- [Prompt] Restate all the entries exactly as they appear, apart from the pictures.
** Records for the task follows **
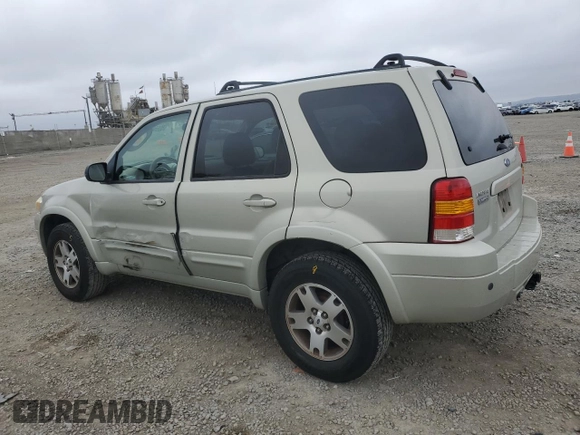 2005 Ford Escape Limited z VIN 1FMYU04195KB37679, wystawiony jako Copart lot #50656585 z przebiegiem 218 891 mil mil oraz Szkoda całkowita • Salvage title. Historia ofert i sprzedaży dostępna na DreamBid. Obrazek 2.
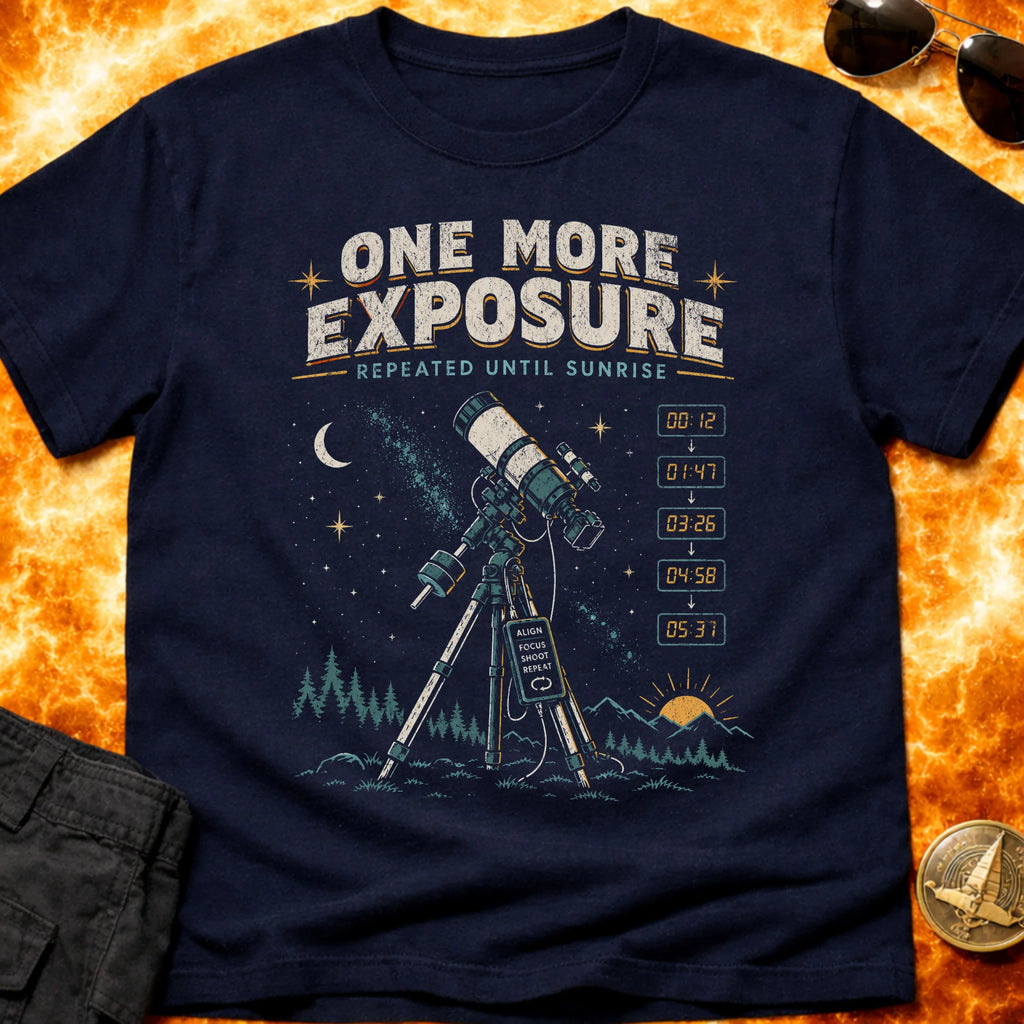 One More Exposure T-Shirt product image 2
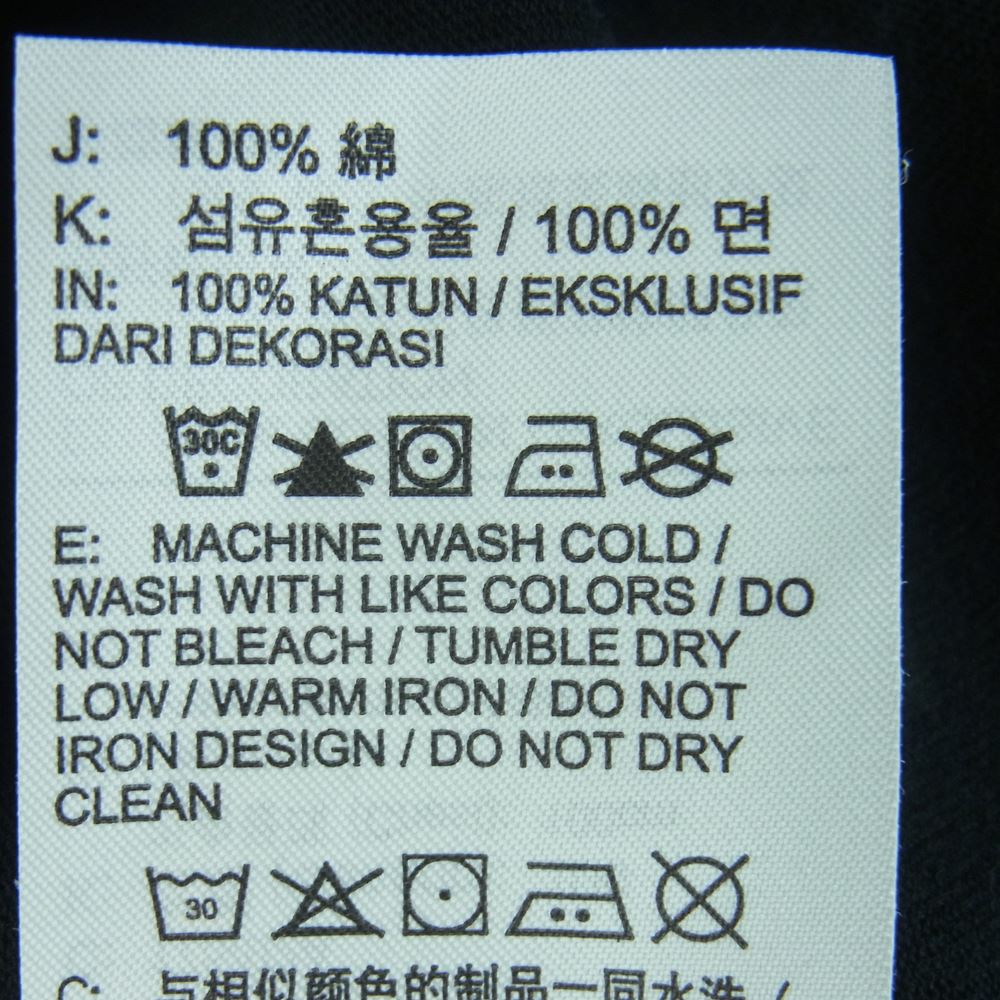 NIKE ナイキ DJ9741-010 JORDAN BRAND AS M J CLT SS TEE ジョーダン ブランド ネックレス デザイン 半袖 Tシャツ ブラック系 L【中古】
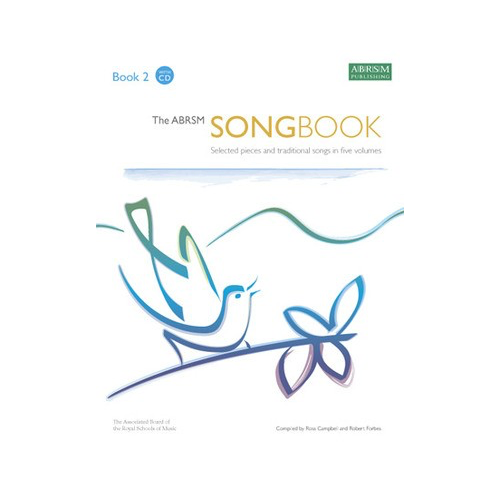 ABRSM Songbook Book 2 with CDs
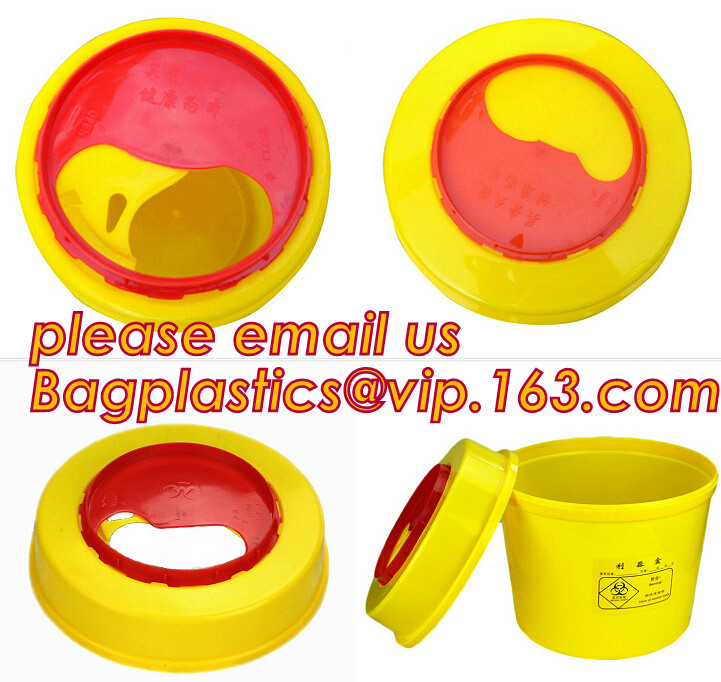 Healthcare Plastic bin, Infectious Waste Liner, Soiled Linen bin, Biohazard Infectious Waste box, Hazardous-Infectious W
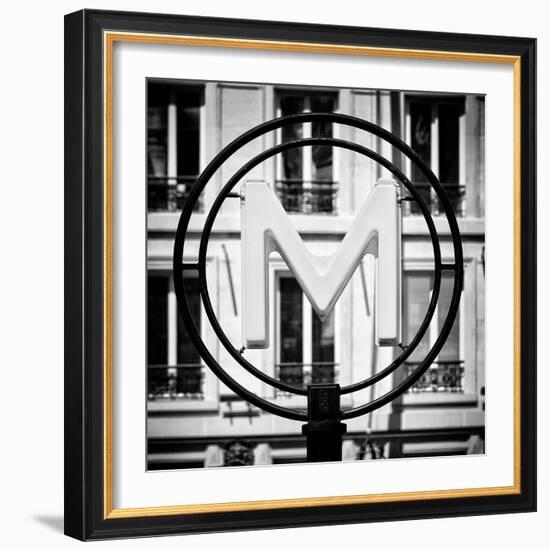 Paris Focus - Paris Métro-Philippe Hugonnard-Framed Photographic Print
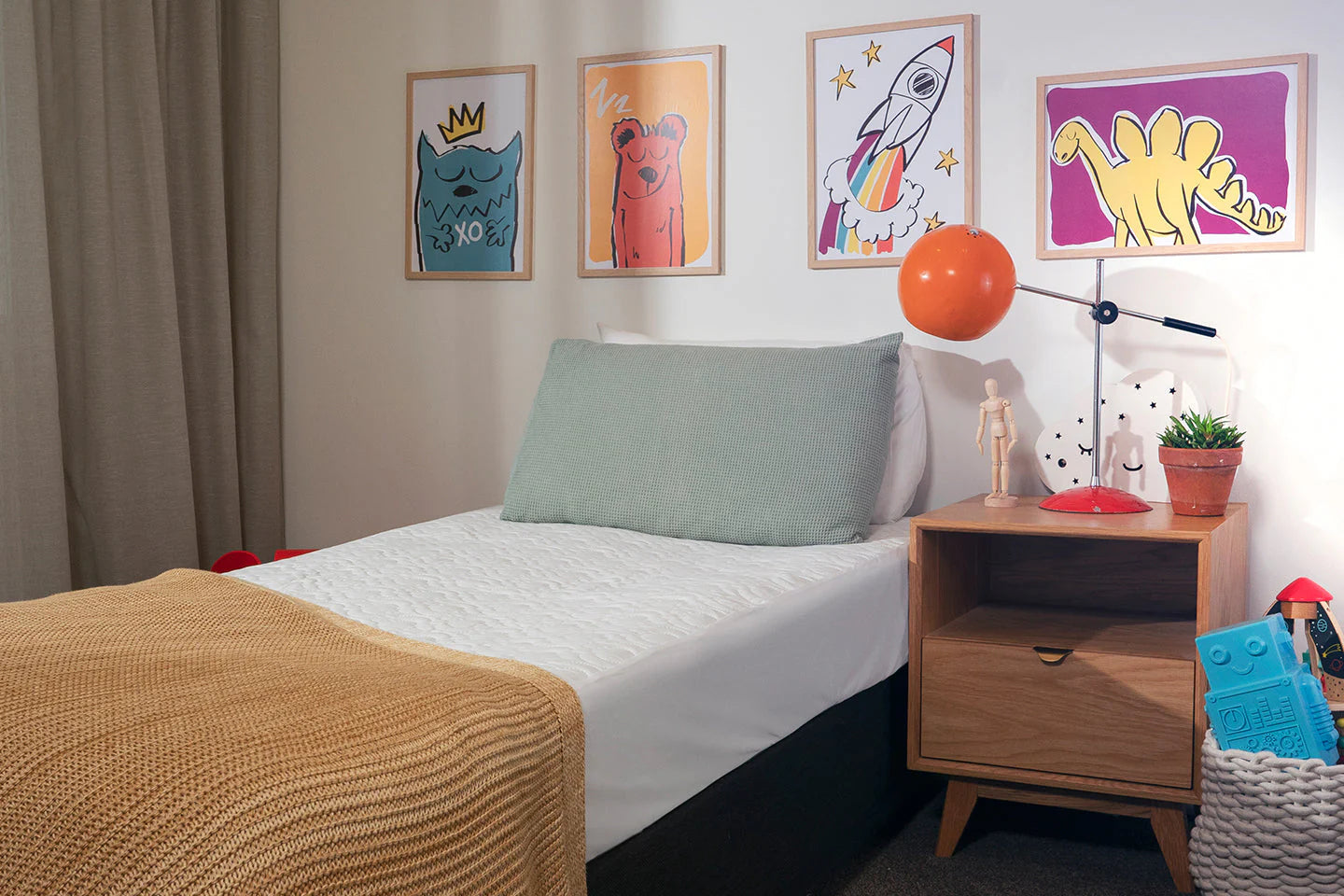 Brolly Sheets Waterproof Quilted Mattress Protector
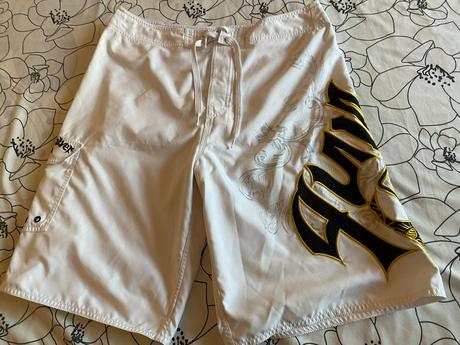 Krátke letné nohavice - plavky quiksilver v. 32-xl, quiksilver,xl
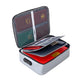 Fireproof 3-Layer Document Bag with Lock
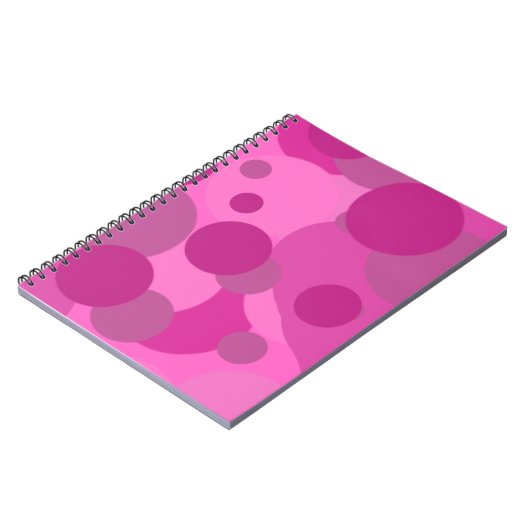 pink notebook notizblock (Linke Seite)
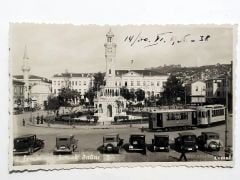 İzmir Konak önü / Fotokart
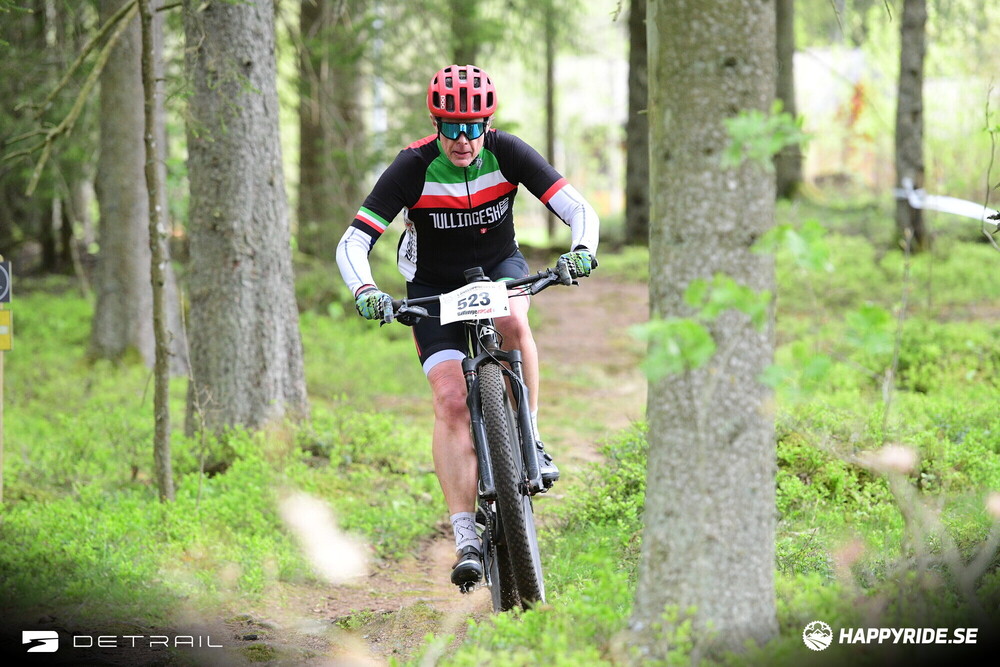 Bild från Billingeracet 2025 detrail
** End of Records for the task **
- [Task response]
 2005 Ford Escape Limited z VIN 1FMYU04195KB37679, wystawiony jako Copart lot #50656585 z przebiegiem 218 891 mil mil oraz Szkoda całkowita • Salvage title. Historia ofert i sprzedaży dostępna na DreamBid. Obrazek 2.
 One More Exposure T-Shirt product image 2
 NIKE ナイキ DJ9741-010 JORDAN BRAND AS M J CLT SS TEE ジョーダン ブランド ネックレス デザイン 半袖 Tシャツ ブラック系 L【中古】
 ABRSM Songbook Book 2 with CDs
 Healthcare Plastic bin, Infectious Waste Liner, Soiled Linen bin, Biohazard Infectious Waste box, Hazardous-Infectious W
 Paris Focus - Paris Métro-Philippe Hugonnard-Framed Photographic Print
 Brolly Sheets Waterproof Quilted Mattress Protector
 Krátke letné nohavice - plavky quiksilver v. 32-xl, quiksilver,xl
 Fireproof 3-Layer Document Bag with Lock
 pink notebook notizblock (Linke Seite)
 İzmir Konak önü / Fotokart
 Bild från Billingeracet 2025 detrail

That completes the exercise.